In honor of this month’s theme Transidenties and feminism, we will highlight four different trans artists who are working hard for the rights of trans people.
Zackary Drucker & Rhys Ernst
The visual art of this couple points out real-life issues of trans people. Zackary Drucker focusses mainly on installation, performance and film. She believes that it is a political responsibility to tell stories about trans history in her art. In her recent short-film Mother Comes to Venus, she explores in a futuristic way how post-gender Hollywood would look like. Rhys Ernst is mainly a producer. His Emmy-nominated series This is Me shows the different struggles that trans people deal with every day. Together they produced the series Transparent, which follows the life of a transwoman and her family.
The couple were together from 2008 till 2014. In this period, Drucker transitioned from male to female and Ernst transitioned from female to male. A collection of photographs taken through the years show their relationship and how they dealt with the changing times. These photographs became an important public record of transgender life, as they wanted to show that trans people can live ‘ordinary’ life with love as well, something that was not showed often before. Shortly after these were shown in the Whitney Biennial in 2014 they split up, but they always remained friendly.
Antony & The Johnsons
The lead singer Anohni established the American band in 1998, which she named after the transgender activist Marsha P. Johnson. Besides Anohni, the band consists of violists, cellist, drummer and guitarists. Their music is described as hypnotizing, soft rock. Their breakthrough was due to the support of Lou Reed, who brought Anohni on tour for backing vocals. He described her voice as an angel, and duetted with her on ‘Candy Says’.
The band is a cornerstone for transgender rights. Their songs are about identity, liberation and transformation. They also brought multiple transgender women with them on tour. In that way, they challenged the ordinary perception of feminine beauty of their audience.
Anohni, a trans-woman herself, also puts a lot of her own experiences with gender into her works. In the song ‘For Today I am a Boy’, she sings about a trans-girl who is prior her transition: ‘One day I’ll grow up, I’ll be a beautiful woman. But for today I am a child, for today I am a boy.’ In her soft hypnotizing voice you can hear her sadness, but also her hopefulness that she will be confident and fulfilled.
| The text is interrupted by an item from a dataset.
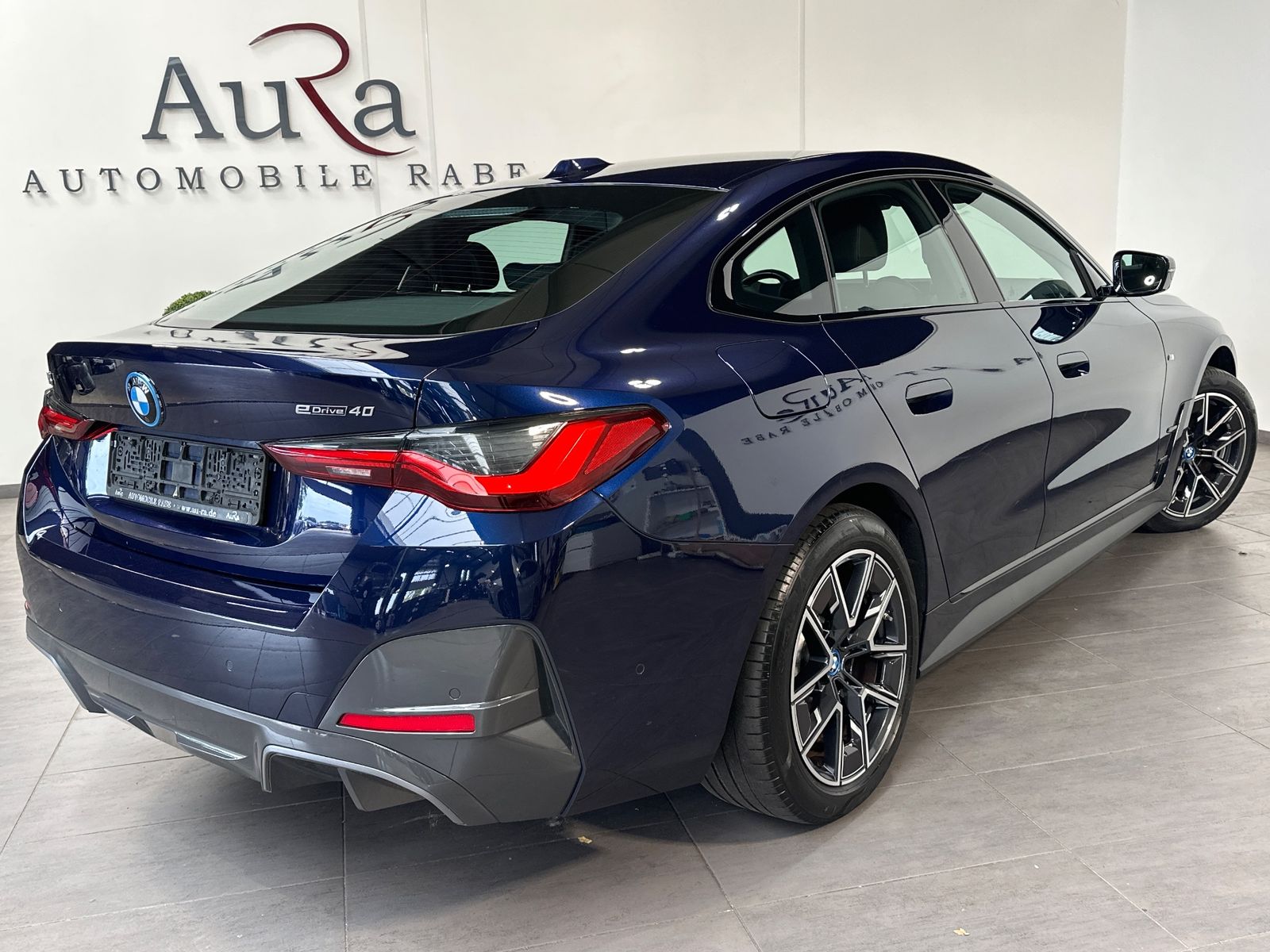 Fahrzeugabbildung BMW i4 GC eDrive40 M-Sport NAV+LED+GLASDACH+ACC+VC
After the last studio album of the band called ‘Swanlights’ in 2010, Anohni debuted with her individual album in 2016, under her new name. She always used ‘Anohni’ in her personal life, but in the media she was formerly known as Antony Hergati. This album called ‘Hopelessness’ focused not only on identy, but also on climate change and politics. In 2016, Anohni even became the first transgender person to be nominated for the Oscars in 30 years.
Yishay Garbasz
The Berlin-based visual artist works mostly in war and disaster areas, which she processes in her art ‘to make the invisible visible’. The trauma of her mother in WW II was explored by Garbasz by a photo collection of all the places her mother went to. She also explores nationalism and the borders of it, literally. Using electric fences and wires she makes flags of countries who are, in her opinion, neo-fascists.
Besides the political side of her art, she also puts her own experience as a transwomen in the spotlights. In Becoming: A Gender Flipbook, she pictured herself through the years of her transformation. She showed it in a human-scaled zoetrope, which she got awarder for the Berlin Woman Filmmaker of the Year.
She also focusses on sport, and how overweight people are not supported. In her project Triathlon Activist, she decided to become a thriatlete, a sport that is very exclusive and privileged space. By that she became Germany’s first trans woman triathlete.